4 Replies Latest reply on Jul 28, 2009 8:15 AM by LaRetta_1

    how to compare and erase duplicate records based on multiple fields

    var

      Title

      how to compare and erase duplicate records based on multiple fields

      Post

      The database contains 5 fields:

       

      SLIDE ID  

      ARTIST NAME

      PLACE

      DATE

      DESCRIPTION

       

      the issue being.... upon the last import --- all records, instead of the last 150, were imported from a copy of the original file---- thus creating duplicates of 100000+ records........

      the problem being... some of the field entries had been modified on the original(i.e. spelling of artist name, corrected place or date, etc.....).

      Solution?:  in order to "delete" all records whereby the fields match exactly and  "mark" all records which are duplicates based on the SLIDE ID field but were modified in one or more of the other fields indicated above (i.e.

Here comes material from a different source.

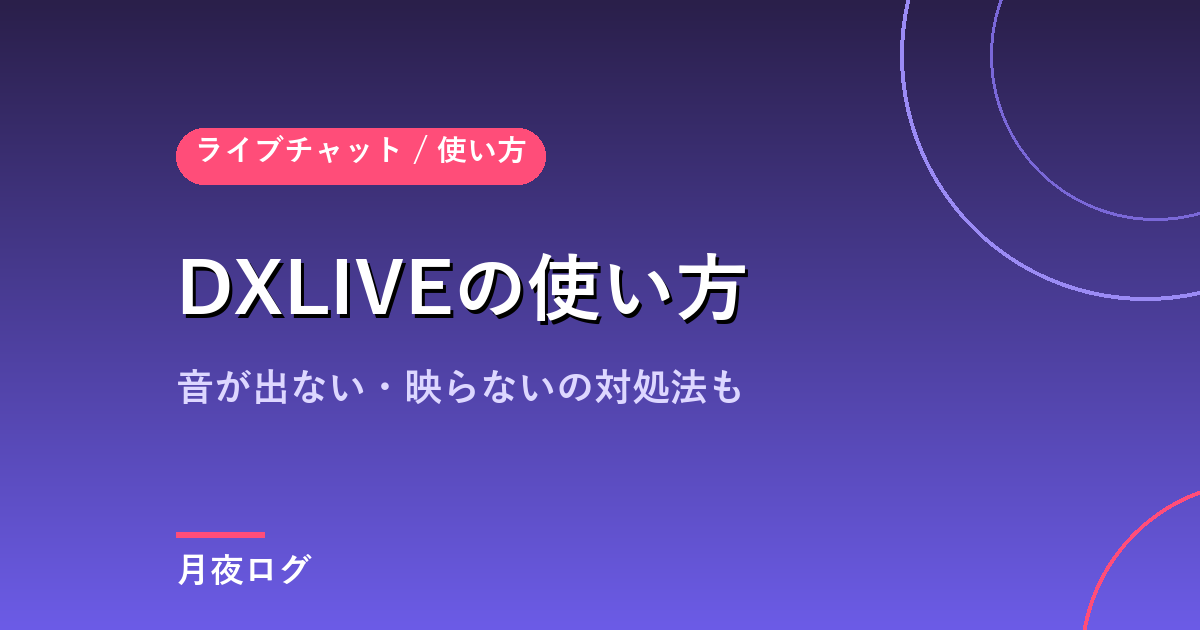 DXLIVEの使い方|音が出ない・映らないときの対処法まで解説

ARTIST NAME, PLACE, DATE, DESCRIPTION).....  At that point I could manually delete the small number of records which had been altered without having to wade through the entire database.   

      Also... in order for this not to happen in the future.... what is the appropraite script to run when you are wanting to import only a selected number of records? the business had previously had fmp files for each year-- which were later merged into one file, but 1994 had somehow been skipped--- so i would need to import only that year.  I have now created a new field = DATE MODIFIED, so in the future it would be easier to see the latest modification if duplicates were to arise again......

      ANY SUGGESTIONS?? OR ROBUST SCRIPTS?  

      This position has now been allocated to me and I am now trying to teach myself the appropriate protocols.

       

        • 1. Re: how to compare and erase duplicate records based on multiple fields
          LaRetta_1
            

          Hi Var,

           

          Is the SlideID the unique serial within the file?  If so, were the records within FileMaker modified or were the incoming records modified BEFORE they were imported?

           

          You can find all duplicate SlideIDs (if it should be unique) by performing a find for ! within the SlideID field.  If the record set is unsorted, the first will be the original and the second will be the duplicate. 

           

          I don't want to go into specific script for you until I am sure we are on same page here.  We need clearer rules here.  Are changes made (before you get them) to the imported records or are changes made to the records within FileMaker and which record do you want to keep?  For future, if you always only want to ADD records into FM which aren't already there (and NOT update records with external changes), then you can set the SlideID to validation 'unique' and 'validate always' and you won't get duplicates any more. 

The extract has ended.